Why should we be the ones to take the web compat hit on this?

- Kyle
On Apr 14, 2016 1:55 AM, "Chris Peterson" <cpeter...@mozilla.com> wrote:

> Summary: Treat cookies set over non-secure HTTP as session cookies
>
> Exactly one year ago today (!), Henri Sivonen proposed [1] treating
> cookies without the `secure` flag as session cookies.
>
> PROS:
>
> * Security: login cookies set over non-secure HTTP can be sniffed and
> replayed. Clearing those cookies at the end of the browser session would
> force the user to log in again next time, reducing the window of
> opportunity for an attacker to replay the login cookie. To avoid this,
> login-requiring sites should use HTTPS for at least their login page that
> set the login cookie.
>
> * Privacy: most ad networks still use non-secure HTTP. Content sites that
> use these ad networks are prevented from deploying HTTPS themselves because
> of HTTP/HTTPS mixed content breakage. Clearing user-tracking cookies set
> over non-secure HTTP at the end of every browser session would be a strong
> motivator for ad networks to upgrade to HTTPS, which would unblock content
> sites' HTTPS rollouts.
>
> However, my testing of Henri's original proposal shows that too few sites
> set the `secure` cookie flag for this to be practical. Even sites that
> primarily use HTTPS, like google.com, omit the `secure` flag for many
> cookies set over HTTPS.
>
> Instead, I propose treating all cookies set over non-secure HTTP as
> session cookies, regardless of whether they have the `secure` flag. Cookies
> set over HTTPS would be treated as "secure so far" and allowed to persist
> beyond the current browser session. This approach could be tightened so any
> "secure so far" cookies later sent over non-secure HTTP could be downgraded
> to session cookies. Note that Firefox's session restore will persist
> "session" cookies between browser restarts for the tabs that had been open.

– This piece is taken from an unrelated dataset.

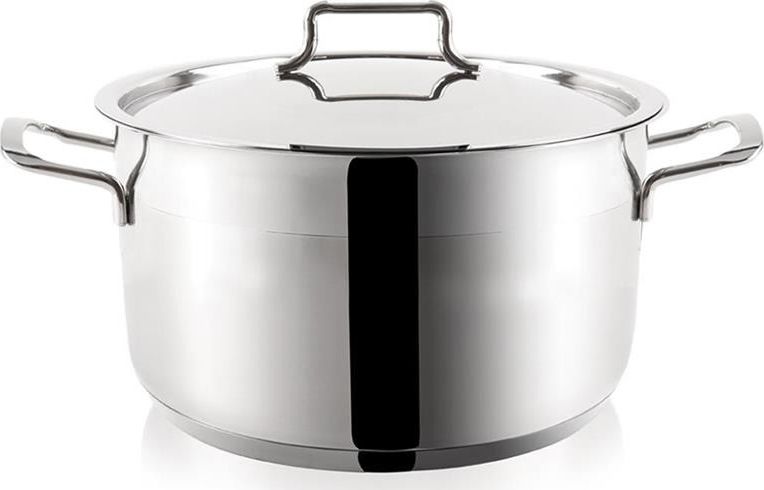Orion Garnek stalowy z pokrywką 18/10 ANETT 7,1L uniwersalny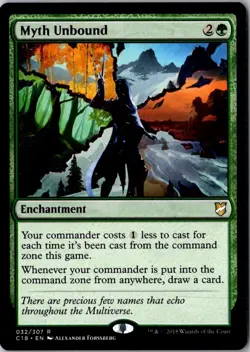 Myth Unbound R Commander 2018 32 NM - Image 1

> (This is "eternal session" feature/bug 530594.)
>
> To test my proposal, I loaded the home pages of the Alexa Top 25 News
> sites [2]. These 25 pages set over 1300 cookies! Fewer than 200 were set
> over HTTPS and only 7 had the `secure` flag. About 900 were third-party
> cookies. Treating non-secure cookies as session cookies means that over
> 1100 cookies would be cleared at the end of the browser session!
>
> CONS:
>
> * Sites that allow users to configure preferences without logging into an
> account would forget the users' preferences if they are not using HTTPS.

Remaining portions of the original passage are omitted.